Gözlerimi açtığımda etraf zifiri karanlıktı, telefona elimi uzatıp ekrandan saate baktım saat daha gece'nin 4'ü amına koyim ne bok varda uyandım. Huyum kurusun bir kez uyandıktan sonra bir daha uyuyamıyorum tabiatımı kimyamı sikeyim.
Yataktan huysuzca kalkıp, terliklerimi sürüye sürüye mutfağın yolunu tuttum.
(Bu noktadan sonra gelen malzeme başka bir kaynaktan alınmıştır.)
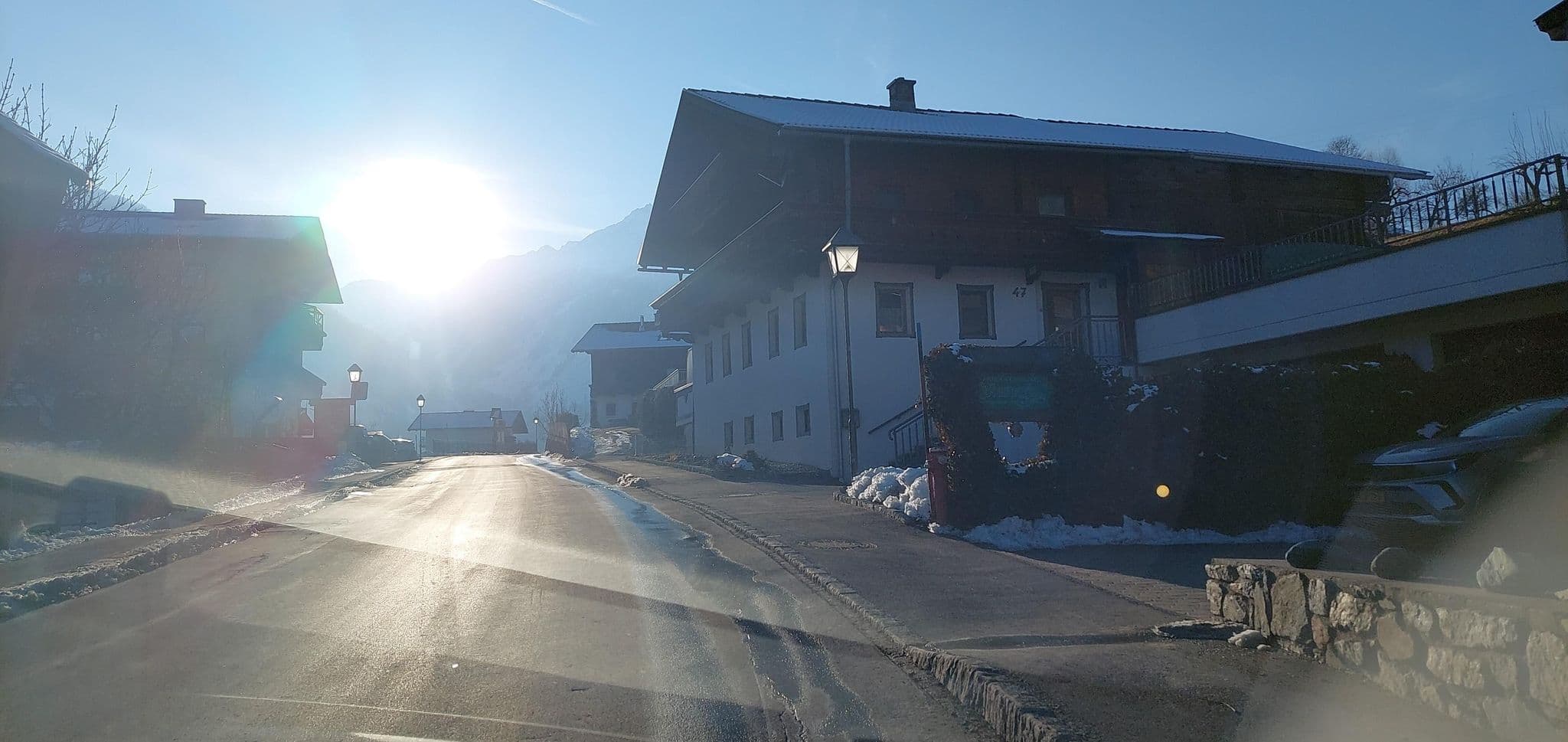 Street view near Blusnerhof, Virgen — © gzin (CC BY-SA · Mapillary)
Bizimkiler (ev arkadaşlarım) camış gibi yatıyordu. Bi bardak su içtikten sonra bahçeye çıktım. Tarçın (köpegim) bile uyuyordu, ben niye uyuyamıyordum? O sırada rüzgardan kapının çarpıldığını duydum. Arkamı döndüğümde çoktan iş işten geçmişti.
Zile alacaklı gibi basmama rağmen evdeki 5 camışın 5'i de yatttığı için kapıda kalmıştım. çıldıracağım uykumdan olduğum yetmezmiş gibi sabahın ayazında mal gibi kapıda kalmıştım.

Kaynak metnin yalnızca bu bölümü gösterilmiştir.